── Input data

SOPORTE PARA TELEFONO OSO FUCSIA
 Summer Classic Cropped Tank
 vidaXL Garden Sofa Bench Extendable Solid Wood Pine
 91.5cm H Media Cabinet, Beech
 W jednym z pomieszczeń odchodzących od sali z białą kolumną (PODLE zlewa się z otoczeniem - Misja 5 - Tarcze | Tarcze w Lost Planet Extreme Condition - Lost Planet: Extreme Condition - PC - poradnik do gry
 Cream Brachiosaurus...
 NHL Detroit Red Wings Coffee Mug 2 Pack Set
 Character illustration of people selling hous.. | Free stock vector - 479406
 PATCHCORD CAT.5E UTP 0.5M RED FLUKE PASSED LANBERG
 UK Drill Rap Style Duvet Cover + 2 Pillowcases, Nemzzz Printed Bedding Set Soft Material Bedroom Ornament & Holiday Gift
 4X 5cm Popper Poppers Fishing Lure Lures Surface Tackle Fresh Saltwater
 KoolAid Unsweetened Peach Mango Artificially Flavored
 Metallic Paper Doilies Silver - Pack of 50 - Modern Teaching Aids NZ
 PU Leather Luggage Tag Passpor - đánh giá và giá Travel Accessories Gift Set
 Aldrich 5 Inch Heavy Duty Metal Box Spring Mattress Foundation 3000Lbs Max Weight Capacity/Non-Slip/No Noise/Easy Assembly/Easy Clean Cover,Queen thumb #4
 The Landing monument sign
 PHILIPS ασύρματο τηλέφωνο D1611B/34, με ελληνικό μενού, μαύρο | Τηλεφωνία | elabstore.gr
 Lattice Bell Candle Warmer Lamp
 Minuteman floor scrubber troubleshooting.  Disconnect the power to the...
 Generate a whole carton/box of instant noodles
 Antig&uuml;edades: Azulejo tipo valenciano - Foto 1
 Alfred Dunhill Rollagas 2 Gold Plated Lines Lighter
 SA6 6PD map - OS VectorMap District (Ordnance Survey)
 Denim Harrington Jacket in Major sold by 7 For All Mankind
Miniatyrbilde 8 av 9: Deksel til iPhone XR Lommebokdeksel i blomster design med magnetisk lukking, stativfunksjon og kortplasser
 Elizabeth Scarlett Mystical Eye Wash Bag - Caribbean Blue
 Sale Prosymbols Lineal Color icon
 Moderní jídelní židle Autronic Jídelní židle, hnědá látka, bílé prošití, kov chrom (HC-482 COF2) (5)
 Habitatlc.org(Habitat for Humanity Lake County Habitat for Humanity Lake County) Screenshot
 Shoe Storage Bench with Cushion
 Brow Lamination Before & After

────

_What you should do:_ The expected result is every line above containing the string "Cover".

_Reply to the exercise:_
 UK Drill Rap Style Duvet Cover + 2 Pillowcases, Nemzzz Printed Bedding Set Soft Material Bedroom Ornament & Holiday Gift
 Aldrich 5 Inch Heavy Duty Metal Box Spring Mattress Foundation 3000Lbs Max Weight Capacity/Non-Slip/No Noise/Easy Assembly/Easy Clean Cover,Queen thumb #4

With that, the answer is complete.